Una noche de 1964, en el local Los Tarantos de la Plaza Real de Barcelona, cuando el éxito y la fama empezaban a sonreírle, Antonio Gades me habló largo y tendido de Carmen Amaya. Gades se preguntaba de dónde salía el arte inaudito y maravilloso de esta mujer, y me explicó que la primera vez que la vio bailar no pudo articular palabra, ni durante el espectáculo ni después, cuando se la presentaron. Aquel rasgo tan personal e inimitable de su baile recio y al mismo tiempo tan femenino le dejó perplejo: "Antonio Esteve Ródenas, me decía a mí mismo viéndola bailar, olvídate de todo lo que sabes y de todo lo que deseas aprender, porque eso que estás viendo no se aprende.
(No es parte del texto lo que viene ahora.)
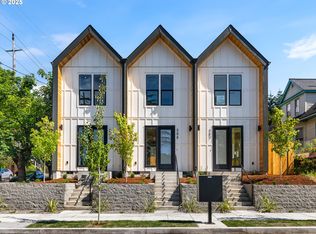 205 NE Going St #2, Portland, OR 97211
Se siente y basta". Y el escritor Néstor Luján, espíritu lúcido y sensible tras una máscara de amargo escepticismo, se despidió de ella con estas bellas palabras: "Aplaudida por tantos públicos, halagada por tantos éxitos, continuaba fiel a su origen con la mayor sencillez. Emocionaba. Así la recordaremos siempre, y recordaremos también, cada vez que pensemos en su baile, a un ser excepcional, de ésos que sirvieron, con absoluta donación de sí mismos, a la misteriosa danza andaluza, que tiene una forma vieja y cambiante, como la hoguera".